SC spokesperson Camille Sue Mae Ting confirmed that Duterte-Carpio had filed a petition for certiorari and prohibition last week.
A certiorari petition asks a court to review another body’s decision or review it to determine if grave abuse of discretion has been committed. If granted, it can overturn a decision.
Duterte-Carpio also asked the high tribunal to issue a temporary restraining order (TRO) and/or writ of preliminary injunction, which would block an order from being implemented.
The House of Representatives impeached Duterte-Carpio last February 5, making her the first vice-president to suffer the fate; 240 of its members signed the petition, initially focusing on her alleged misuse of confidential funds.
The House had actually received four impeachment complaints from various parties, acting on the fourth which it found to be most complete.
After she was impeached, Duterte as well as her followers filed three separate petitions with the SC.
The Vice-president filed her petition on the same day that her family’s allies filed a similar petition with the high court.

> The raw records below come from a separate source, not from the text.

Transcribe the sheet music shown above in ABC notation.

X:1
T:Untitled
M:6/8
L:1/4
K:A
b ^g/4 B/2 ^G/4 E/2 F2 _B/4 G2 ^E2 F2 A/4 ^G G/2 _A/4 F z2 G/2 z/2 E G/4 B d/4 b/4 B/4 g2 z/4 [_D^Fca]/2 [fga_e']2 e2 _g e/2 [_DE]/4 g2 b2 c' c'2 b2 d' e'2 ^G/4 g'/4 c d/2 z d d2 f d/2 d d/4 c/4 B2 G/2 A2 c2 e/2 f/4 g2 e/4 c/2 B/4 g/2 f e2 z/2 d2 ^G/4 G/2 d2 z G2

The lawyers – led by detained Pastor Apollo Quiboloy’s counsel, Israelito Torreon, and former Land Transportation Franchising and Regulatory Board chairman Martin Delgra, told the Supreme Court that the articles of impeachment filed in the House allegedly suffered from several constitutional infirmities. Therefore, they were invalid, they argued.

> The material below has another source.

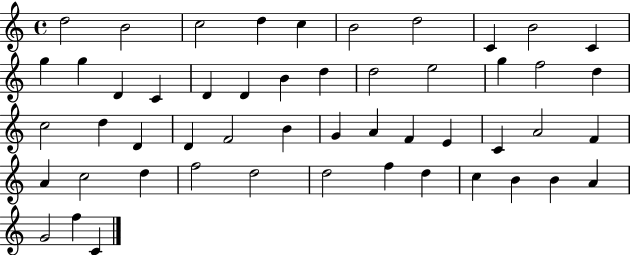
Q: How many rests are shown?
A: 0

Should the SC agree with the Vice-president, the impeachment trial will not be held.
If, on the other hand, the SC rejects her, then the Senate will have no choice but to proceed. The only question is when that impeachment trial will begin.

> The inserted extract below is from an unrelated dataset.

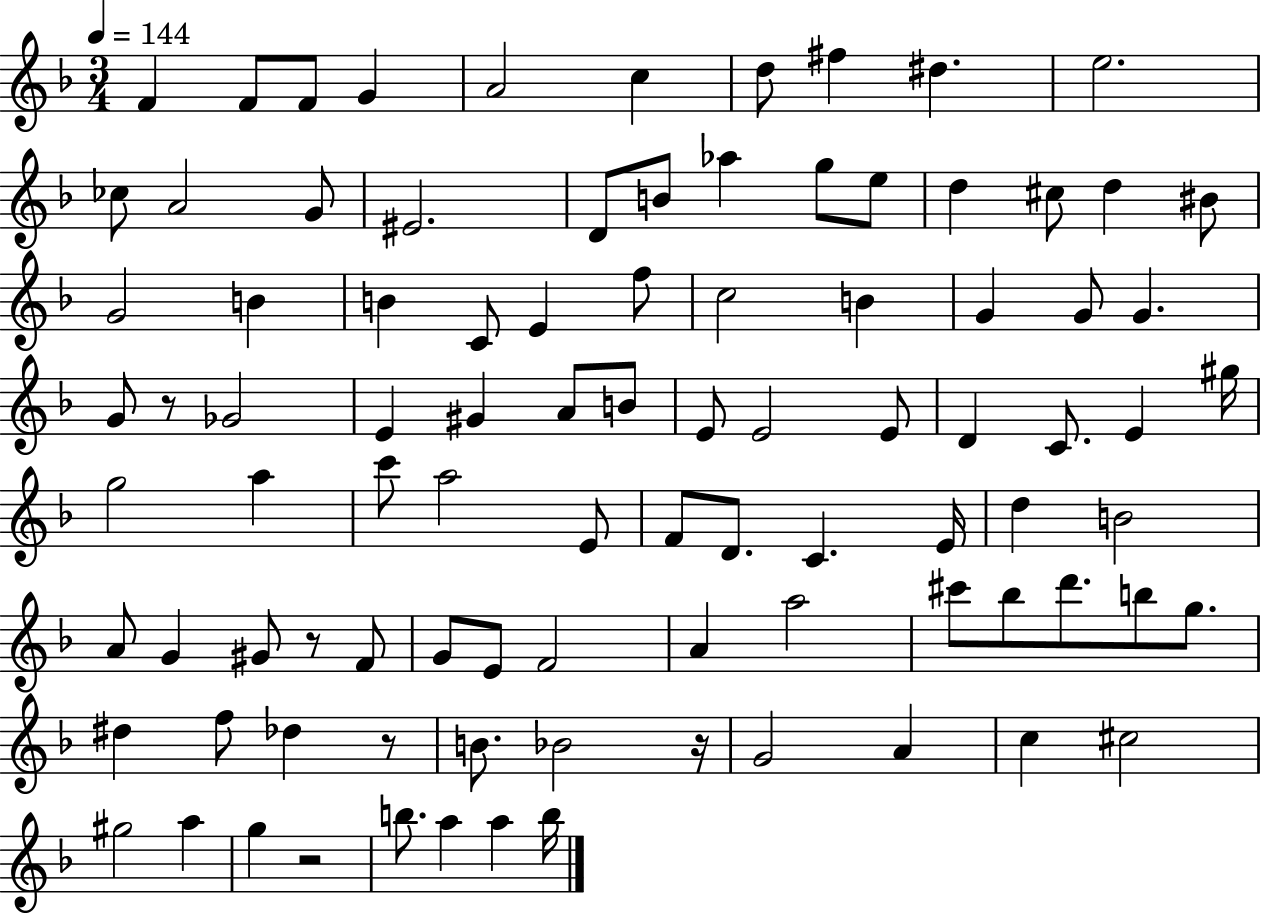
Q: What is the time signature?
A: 3/4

Legal analysts have argued that the Senate must immediately convene as an impeachment court since the Constitution states that it must do so “forthwith.”
This one word has caused confusion, with Senate President Chiz Escudero saying the upper chamber will constitute itself as an impeachment court only after the President delivers his State of the Nation Address on July 28.
But former Senate president and current minority leader Koko Pimentel – a bar topnotcher – said it was the Senate’s duty to begin VP Duterte’s trial immediately, arguing that the word forthwith means “without any delay” or “without interval of time.”
Former Presidential Commission on Good Government special counsel Catalino Generillo Jr. also filed a petition with the high tribunal, asking the SC to direct the Senate to “immediately” constitute itself into an impeachment court and commence with the Vice- president’s trial.
While the impeachment trial should be nothing more than a legal proceeding, the fact is that it will most likely be a political exercise. Senator-judges are expected to vote along political lines rather than on the merits of the case.
As such, the more allies VP Duterte-Carpio has in the Senate, the greater her chances of winning.
The composition of the Senate after the mid-term elections will therefore determine her fate.
The SC has required the Senate to comment on the Duterte petition within a non-extendable period of 10 days from receipt of notice, according to spokesperson Ting.